You're right; I was very hasty. Although it is indeed a special case of J's inequality, it's a vacuous one. Michael Hardy 23:08, 14 Mar 2005 (UTC)

Why not prove it with AM-GM as hinted to in the introduction "Young's inequality is a special case of the inequality of weighted arithmetic and geometric means. "? Just set ${\displaystyle x_{1}=a^{p}}$, ${\displaystyle x_{2}=a^{q}}$, ${\displaystyle w_{1}=1/p}$ and ${\displaystyle w_{2}=1/q}$ and apply weighted AM-GM, that's it. (${\displaystyle w_{1}x_{1}+w_{2}x_{2}=a^{p}/p+b^{q}/q\geq x_{1}^{w_{1}}x_{2}^{w_{2}}=ab}$. How the proof can be done with exp/log can be inferred from the proofs on AM-GM is the respective article. 134.169.77.186 12:42, 21 August 2007 (UTC) (ezander)[reply]

The current proof is quite self-contained and discusses also the case of equality.
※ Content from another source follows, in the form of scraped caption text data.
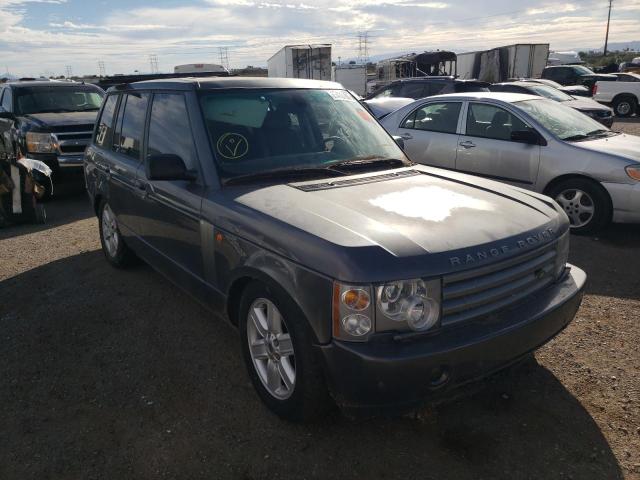 LAND ROVER RANGE ROVE 2004 with VIN SALMF11424A173969 - Photo from auction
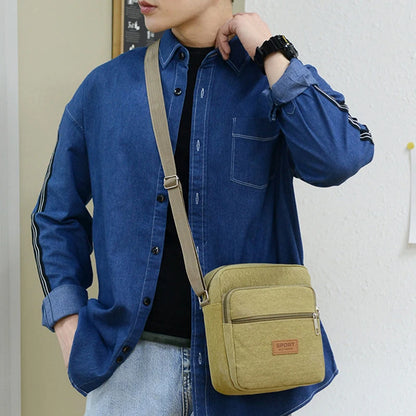 Sidebag For Business Crossbody Bag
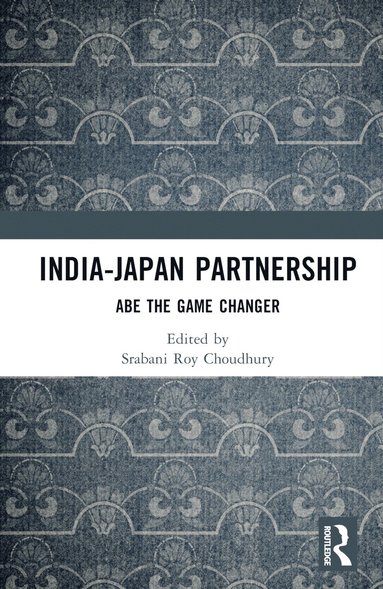 bokomslag India-Japan Partnership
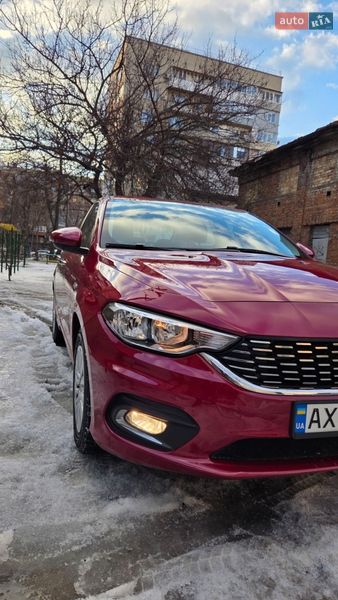 Седан Fiat Tipo 2017 в Харкові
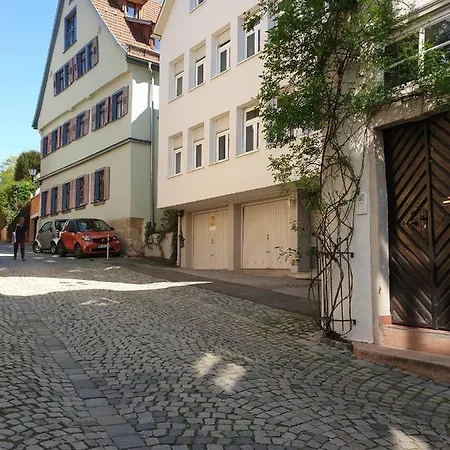 Ferienwohnung Megi Esslingen am Neckar Exterior foto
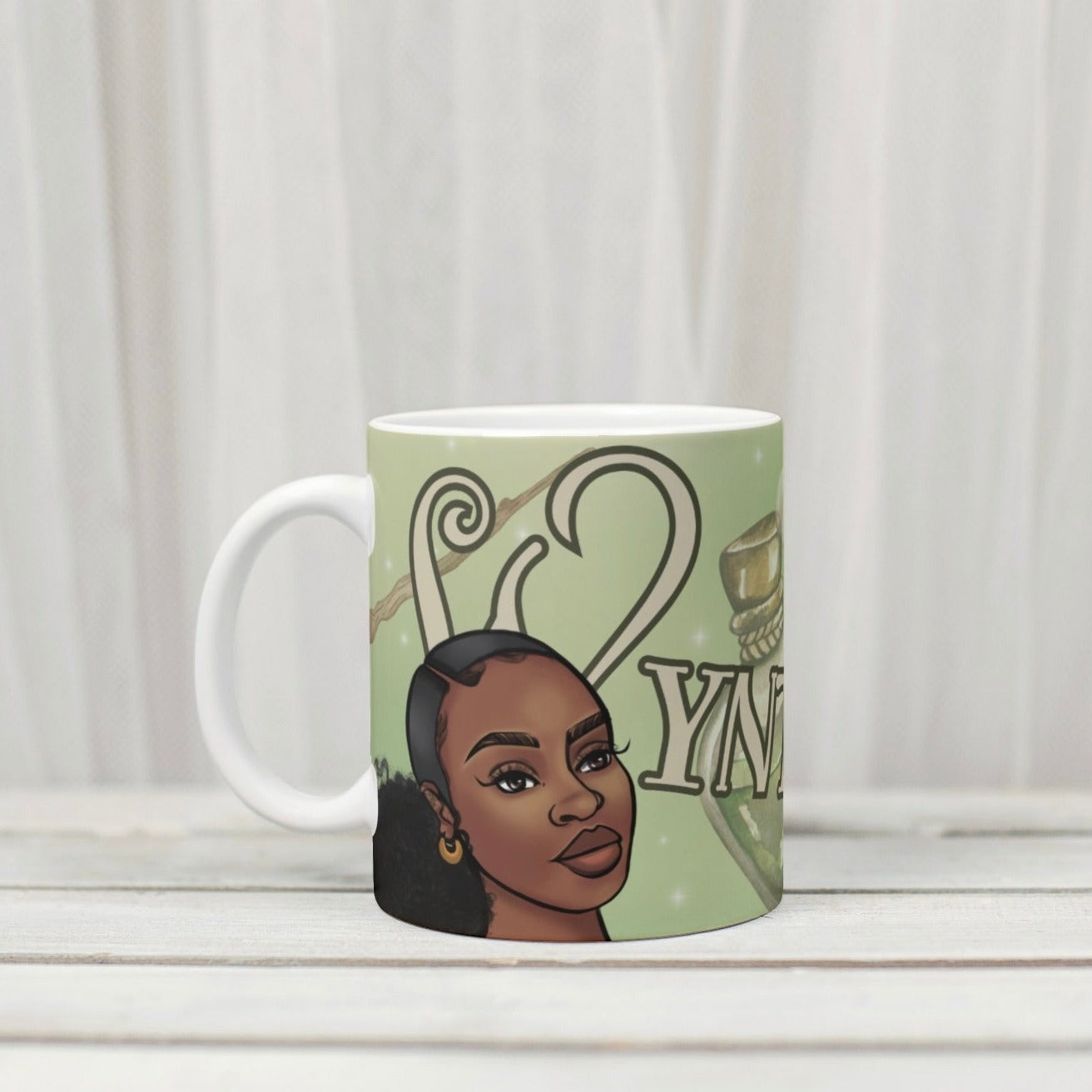 Wynter Stone Mug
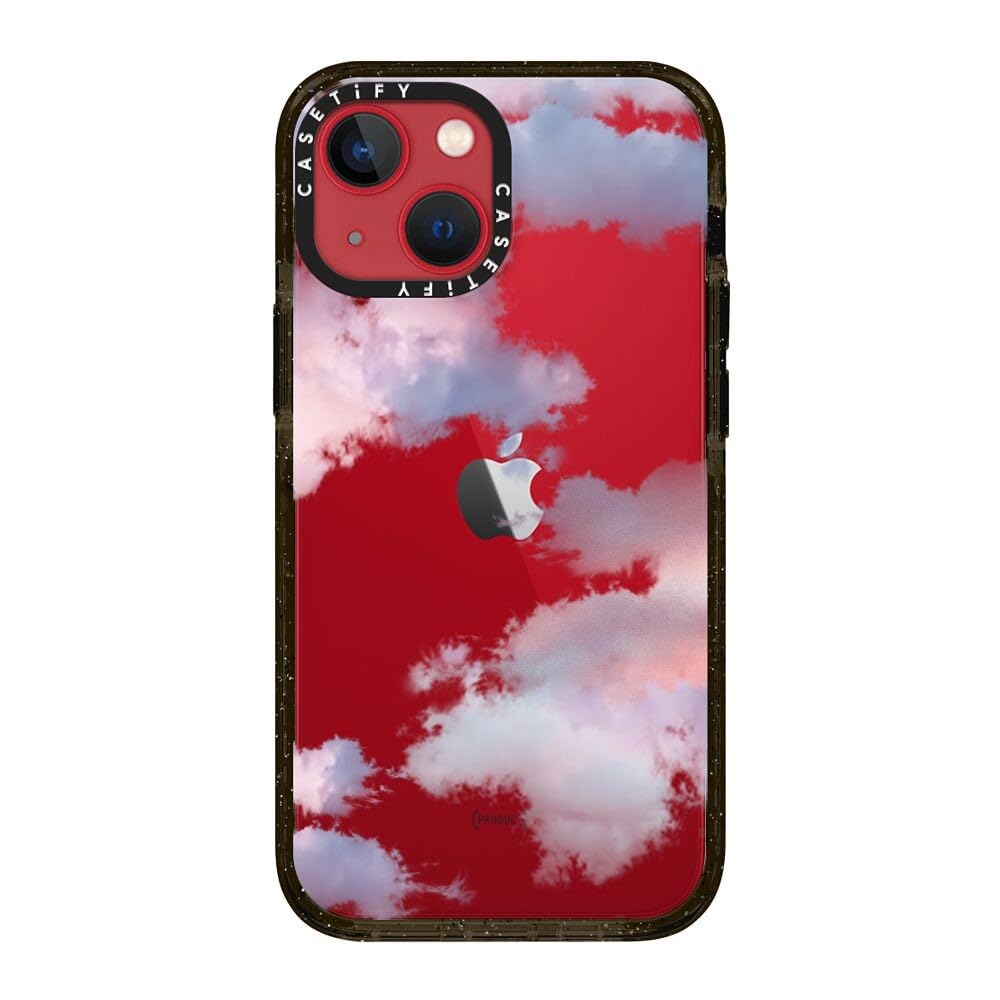 Casetify Cute Clouds インパクトケース Casetify Cute Clouds インパクトケース Casetify Cute Clouds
Of course, it's just (strict) convexity in different disguises. Furthermore, the more general formulation from the German page should be included (which has an easy proof). Maybe I (or someone else) does this eventually and thereby rewrites the current proof anyway. Schmock 19:29, 22 August 2007 (UTC)[reply]

In the section "Generalization using Legendre transforms" of the article, there is a nice graphical proof of the generalized version of Young's inequality (i note, that PlanethMath calls Young's inequality just this generalized version). I have two questions about it.

1. Could somebody show a book reference for this version of Young' inequality and for this graphical proof?

2. It isn't quite clear for me that why is this just in the section "Generalization using Legendre transforms". What is here to do with Legendre transform?

Thanks in advance!

89.135.29.171 (talk) 06:00, 15 May 2010 (UTC)[reply]

To the second question: Write the stated inequality as g(b)≥ab-f(a) and note that the Legendre transform g(b) is in fact defined to be the maximum value of ab−f(a). Hanche (talk) 21:06, 15 May 2010 (UTC)[reply]

Thank you, it's clear. To my first question, I managed to find a book resource, Mitrinovic-Vasic:Analytic Inequalities,pp 48-50. It's interesting however that they don't mention Legendre transorm here.89.135.29.171 (talk) 06:26, 16 May 2010 (UTC)[reply]

The generalization to inner products that was recently added works also for the general case. But more to the point, it is an immediate corollary of the scalar case and the Cauchy–Schwarz inequality. Hence I think it adds little value, and should be removed. Hanche (talk) 16:44, 28 October 2011 (UTC)[reply]

I think that the convolution inequality is a quite different inequality: the convolution inequality is not a special case or a generalization of the inequality for products. I propose thus moving the section on the convolution inequality to a new article “Young's convolution inequality”. Jvohn (talk) 12:36, 20 March 2017 (UTC)[reply]